In the end, they agreed that they would try to tire the judge out. One lawyer after another was sent out to run up the steps and let himself be thrown down again, offering what resistance he could as long as it was passive resistance, and his colleagues would catch him at the bottom of the steps. That went on for about an hour until the judge, who was already exhausted from working all night, was very tired and went back to his office”
The defendants exchanges with the judge were often not unlike the scene from the 1970 movie Five Easy Pieces, where Jack Nicholson plays the role of Bobby Dupea. Dupea tries to place an order modifying the menu, but the waitress enforces the “no substitution” rule:
Bobby: I’d like a plain omelet no potatoes tomatoes instead, a cuppa coffee and wheat toast
Waitress: No substitutions
Bob: What do you mean? You don’t have any tomatoes?
Waitress: Only what’s on the menu.
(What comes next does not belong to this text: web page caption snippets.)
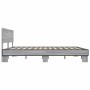 Estructura cama madera ingeniería metal gris Sonoma 180x200 cm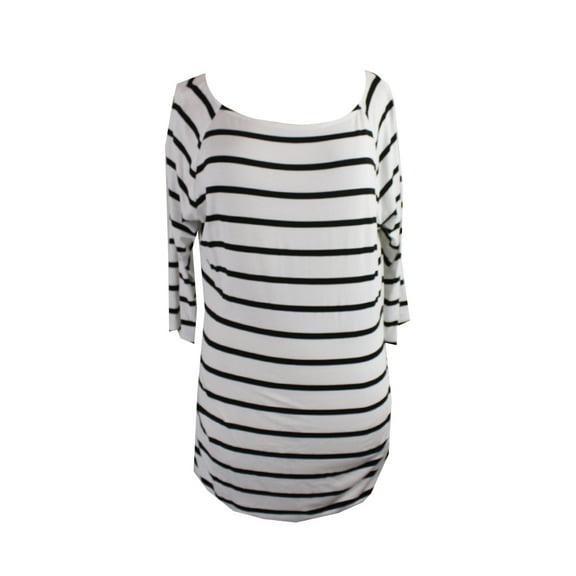 Inc International Concepts White Striped Zip Cold-Shoulder Top L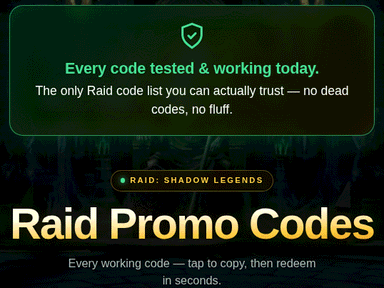 Raid Promo Codes: the gold title on a dark game background, under a box that says every code is tested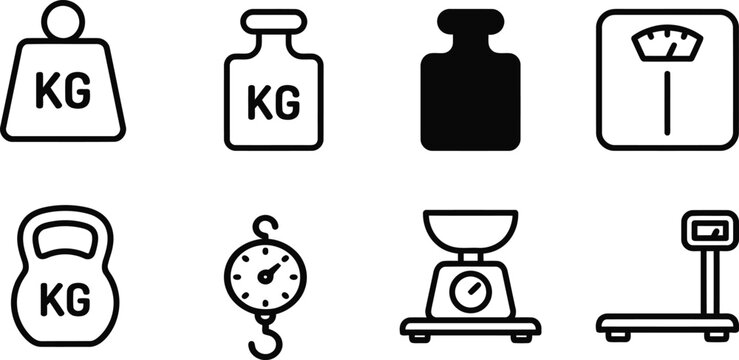 Weight & Scale Icon Set &ndash; 8 Vector Icons for Kilogram, Kettlebell, Weighing Machine & Fitness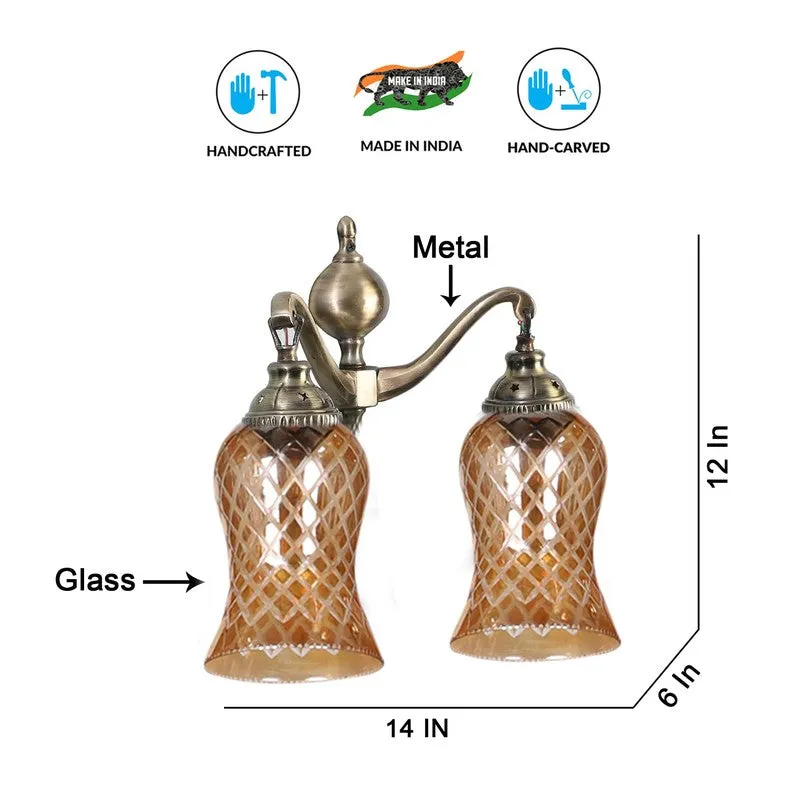 Honey Glow Swan Neck Amber Glass Wall Lamp media 9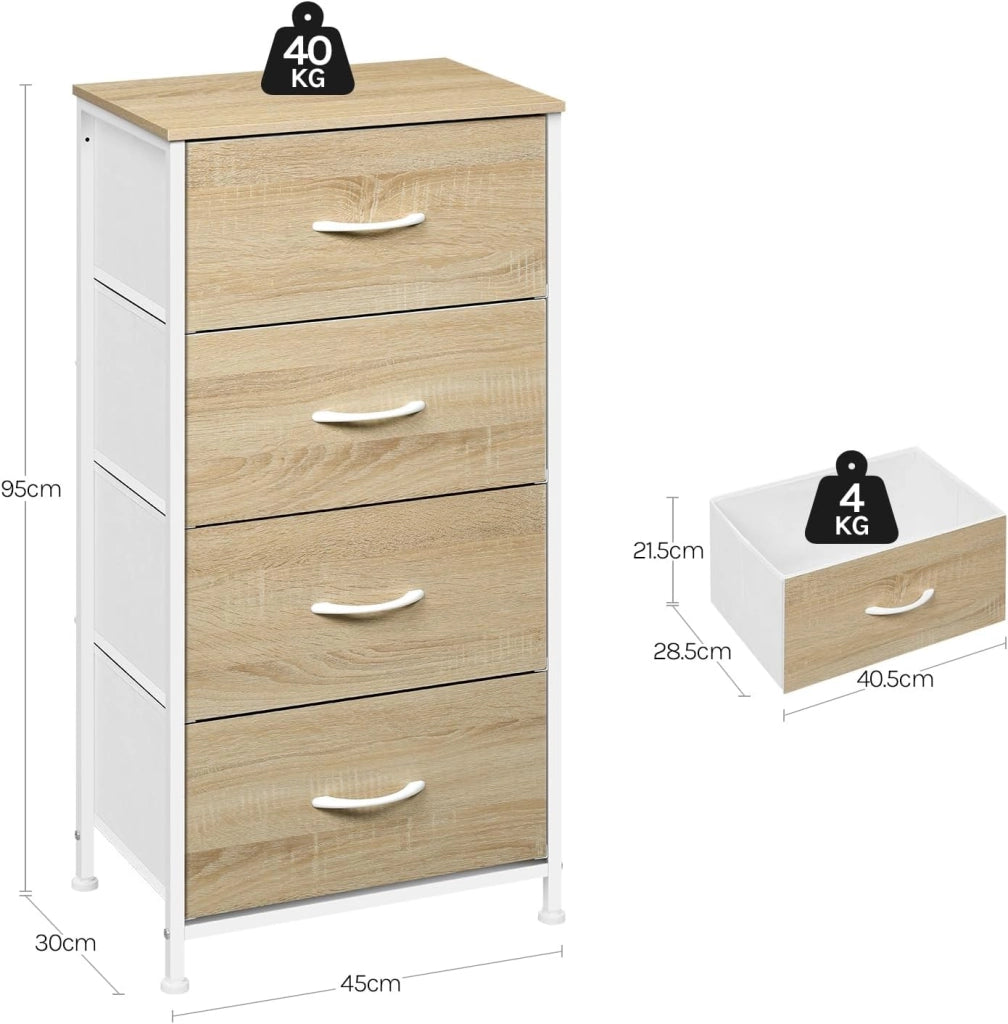 Cassettiera, 4 Cassetti in Tessuto, Armadio di Stoccaggio per Camera da Letto Corridoio Soggiorno, Struttura in Acciaio, E1 Piano Legno, Bianco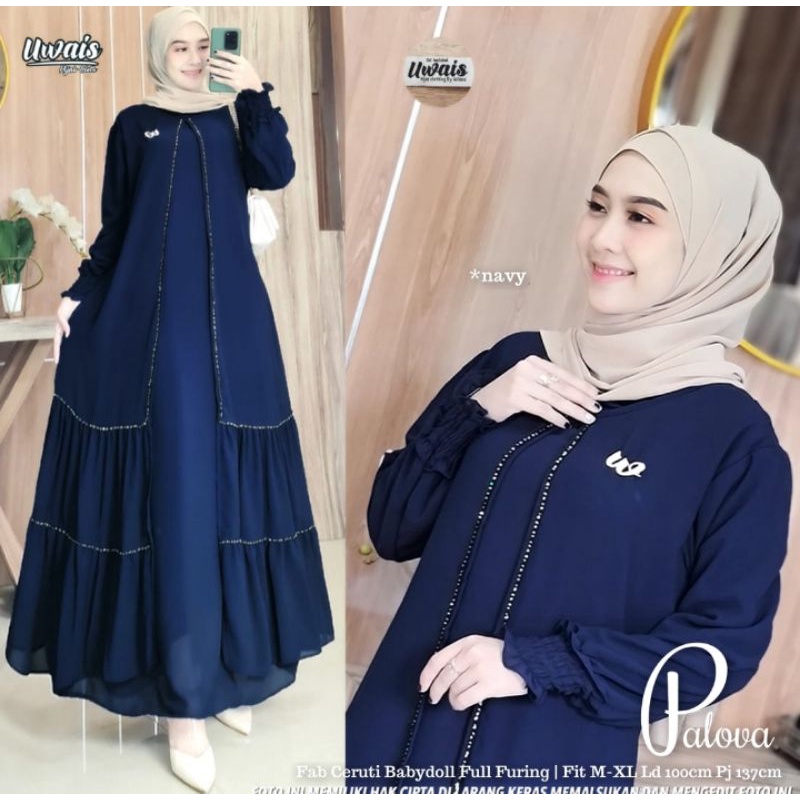 [ Ready ] Palova dress By Uwais hijab clothing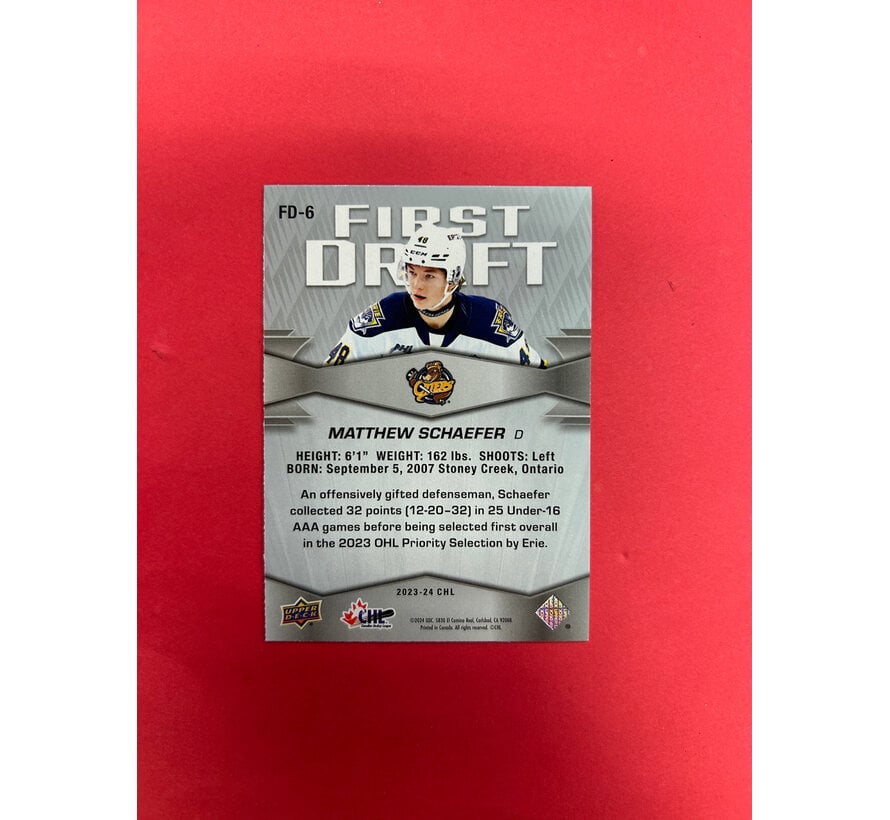 2023-24 UPPER DECK CHL MATTHEW SCHAEFER FIRST DRAFT SP
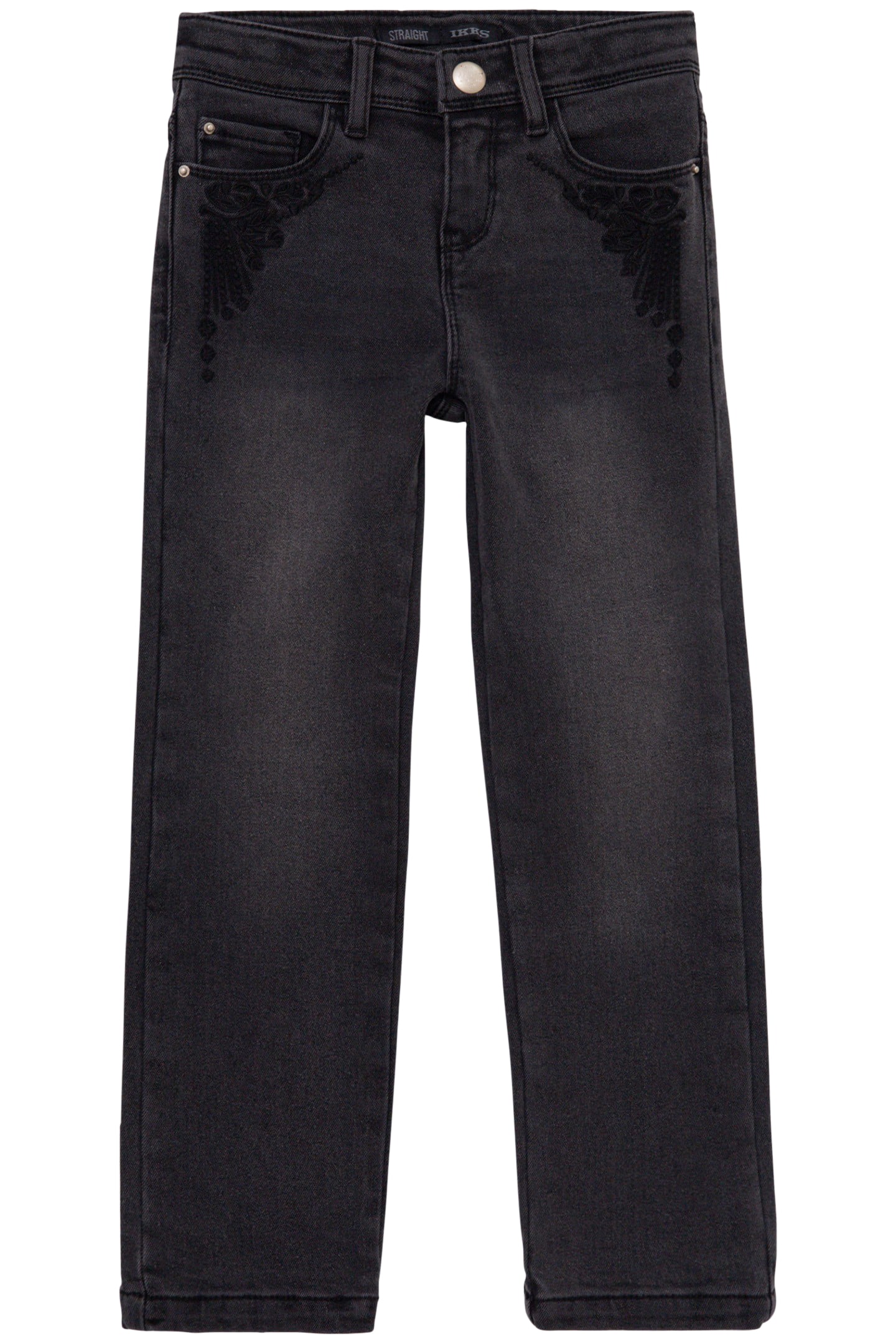 GIRLS' FADED GREY STRAIGHT JEANS WITH EMBROIDERED POCKETS 1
You can have a #2, plain omelet, comes with cottage fries and rolls.
Bobby: I know what it comes with but it’s not what I want.
Waitress: I’ll come back when you make up your mind.
Bobby: Wait a minute, I have made up my mind. I’d like an plain omelet, no potatoes on the plate, a cuppa coffee and a side order of wheat toast.
Waitress: I’m sorry, we don’t have any side orders of toast. It’s a muffin or a coffee roll.
Bobby: What do you mean you don’t make side orders of toast. You make sandwiches don’t you?
Waitress: Would you like to talk to the manager?
Bobby: You’ve got bread and a toaster of some kind?
Waitress: I don’t make the rules.
Bobby: Okay, I’ll make it as easy for you as I can. I’d like an omelet plain and a chicken salad sandwich on wheat toast, no mayonnaise, no butter, no lettuce. And a cup of coffee.
Waitress : A #2, chicken sal sand. Hold the butter, the lettuce, the mayonnaise, and a cup of coffee. Anything else?
Bobby: Yeah, now all you have to do is hold the chicken, bring me the toast, give me a check for the chicken salad sandwich, and you haven’t broken any rules.
Waitress: You want me to hold the chicken, huh?
Bobby: I want you to hold it between your knees.
I think you get the idea. A very frustrating and difficult experience for our client whose husband died in the flames of his pickup truck after a delivery truck rear ended him.